Sermon: All the Feels

Sunday, April 21, 2019
St. John’s Lutheran Church, Schuyler, NE
Easter Sunday

Alleluia! Christ is risen!
[Christ is risen indeed, alleluia!]

This joyful greeting is the same one that Christians have used for centuries to greet each other on Easter morning.  This is indeed a day of great joy!  For many of us, that joy is obvious – the joy of gathering with family, of seeing children and grandchildren, the joy of a time to rest and a time to celebrate with the people we care about.

But of course, the true joy of Easter goes much, much deeper than these things.  Today we celebrate the fact that the fundamental order of the cosmos has been shifted.  When Christ was killed and then rose from the dead, he broke death itself. On Easter, we remember that we have been freed from slavery to sin and death; we have been joined to Christ forever in both life and death, and we too will rise again to eternal life in God’s kingdom.  Surely this is a cause for boundless joy!

It is kind of strange then, that this joy seems to be almost absent in our gospel reading this morning.  This text from Luke is certainly full of feelings, but joy isn’t really one of them. Instead, it moves from grief to perplexity to terror to disbelief, and finally to amazement – which is really all the closer we get to actual joy.

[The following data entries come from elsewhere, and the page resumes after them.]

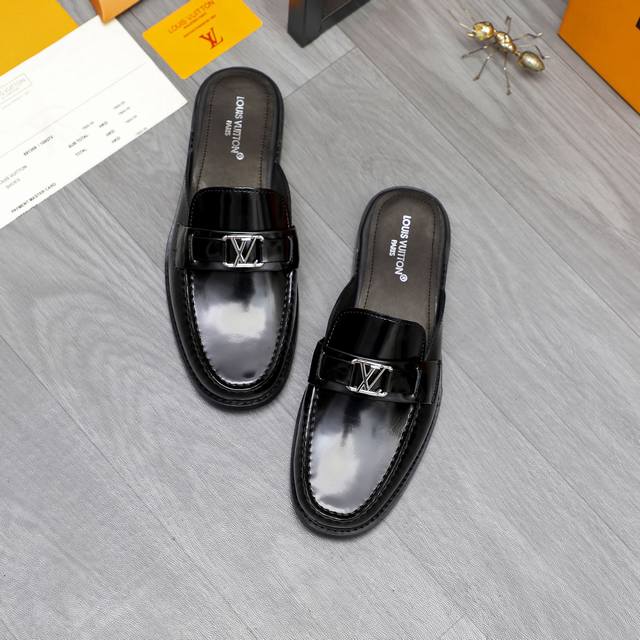 Product Trademark: Lv [Louis Vuitton] Half-Slip-On Sandals Standard Size. Size R
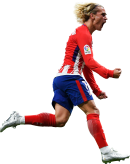 Antoine Griezmann football render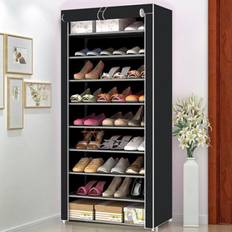 B&Q Hallway Furniture & Accessories B&Q 10 Tier Shoes Cabinet Storage Organiser 27 Pairs Shoe Rack
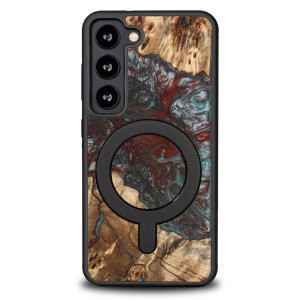 Etui Bewood Unique na Samsung Galaxy S23 - Planets - Pluton z MagSafe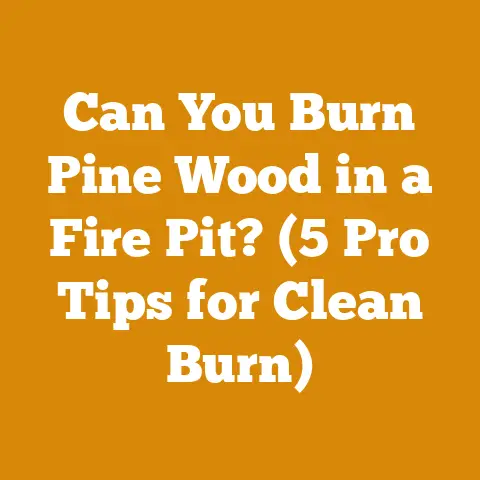 Can You Burn Pine Wood in a Fire Pit? (5 Pro Tips for Clean Burn)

You can kind of understand why.  Just imagine the journey these women had been on.  Their journey had probably begun in disbelief and perplexity.  They had heard this man from Galilee preach and had seen him do extraordinary things. And gradually, they allowed themselves to hope, to believe, that this man really was the Messiah and the Son of God. Like the disciples, they too left everything behind.  They followed Jesus all the way from Galilee to the foot of the cross in Jerusalem.  They watched him die.

This is the same journey whose steps we trace in our liturgy, year after year.  We have heard again the call to turn our hearts and follow Jesus.  And like these faithful women, we have turned in repentance, leaving behind our material worries and following where our Savior leads – if only for a little while. We have gathered to share the last supper and to wash each other’s feet.  We have wept with the women at the foot of the cross.  And we have followed them to the tomb, carrying their burdens of spices and sorrow.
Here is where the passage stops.